The AppKiDo database

From an MVC point of view, by far the biggest challenge in AppKiDo, as measured by hours of coding, re-coding, head-scratching, and forehead-slapping, has been the model, which I call the "database". The views are standard Cocoa views, and although I don't use Cocoa controllers, my home-rolled controller classes are mostly straightforward. The database, however, is a hairy object graph that I've spent a lot of time figuring out how to organize and populate, and it's still not right. It's where massive changes in 0.981 occurred, and where the biggest changes will occur in the next major release.

In this post I'll talk about what the database is and how it gets populated in AppKiDo 0.981.

What's in the database

The elements of the AppKiDo database are called nodes. Roughly speaking, each database node represents a Cocoa programming construct such as a class, method, or function. You could say the whole purpose of AppKiDo is to help you navigate through the universe of database nodes.

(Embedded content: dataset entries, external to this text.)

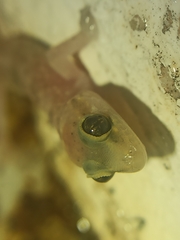 Hemidactylus turcicus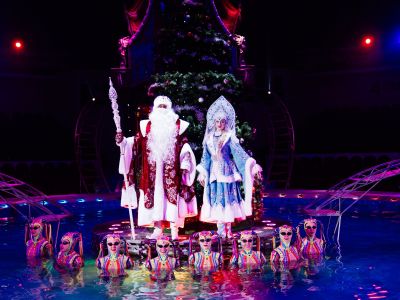 Билеты на Цирк на воде. Подводное царство (Екатеринбург-Экспо и МТС Live Холл) / Событие | Афиша | ИнфоТаймс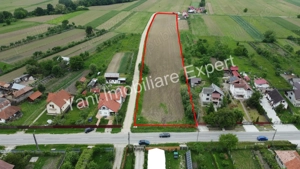 Teren 10.000 mp de vânzare în comuna Ciofrângeni, Judet Argeș. - imagine 2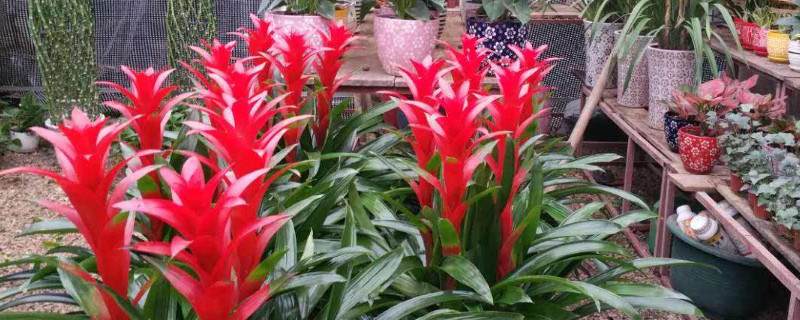 鴻運(yùn)當(dāng)頭冬天能移植嗎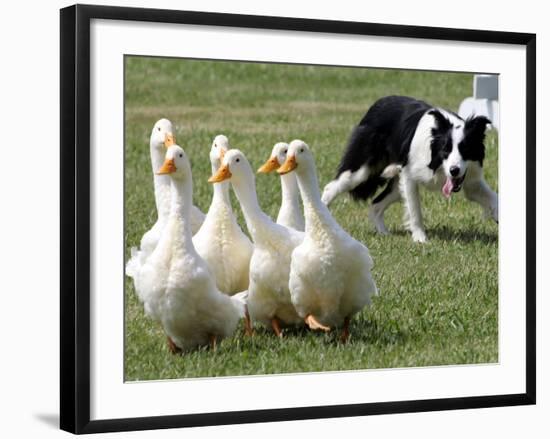 Shep, a Two-Year Old Border Collie, Herds Ducks-null-Framed Photographic Print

Database nodes are represented by the class AKDatabaseNode and its descendants. Each node contains the following information:

  • Name. If the node represents a class, the node name is the class name. If it represents a method, the node name is the method name. And so on, for the most part. In the latest AppKiDo code, I've starting using the term "token" to refer to names of API constructs. Tokens map roughly to node names, but sometimes nodes represent groups of tokens. For example, there is a node with the name "Global Variables" that contains names of global variables and #defines in the AppKit framework. The individual variable names (NSCalibratedWhiteColorSpace, NSTokenSize, etc.) are tokens; there isn't a separate database node for each one.
  • Kind. Each node knows what sort of programming construct it represents. This is generally expressed by the class of the node: AKClassNode, AKProtocolNode, AKMethodNode, etc.
  • Relationships. Nodes often have relationships to other nodes. For example, a class node is related to nodes that represent the class's superclass, its subclasses, any protocols it implements, its properties, its class methods, its instance methods, its delegate methods, and its notifications.
  • Framework. Every node belongs to a main framework such as Foundation, AppKit, or Core Data. In addition, if a class has methods that come from multiple frameworks, the class is considered to belong to all those frameworks. For example, NSString's main framework is Foundation, but it is also considered to be an AppKit class because AppKit adds a category on NSString containing methods like -drawInRect:withAttributes:. The reason for noting NSString's dual citizenship, so to speak, is so that it will be included when you select either "Classes in Foundation" or "Classes in AppKit" in the Quicklist drawer. (Note: This is broken in version 0.981 — NSString does not appear in the AppKit list if you're using Xcode 3.)
  • Documentation. Each node knows which section of which HTML file contains the documentation for the programming construct it represents.
  • Header. Class nodes and protocol nodes know the location of the .h file where the class or protocol is declared.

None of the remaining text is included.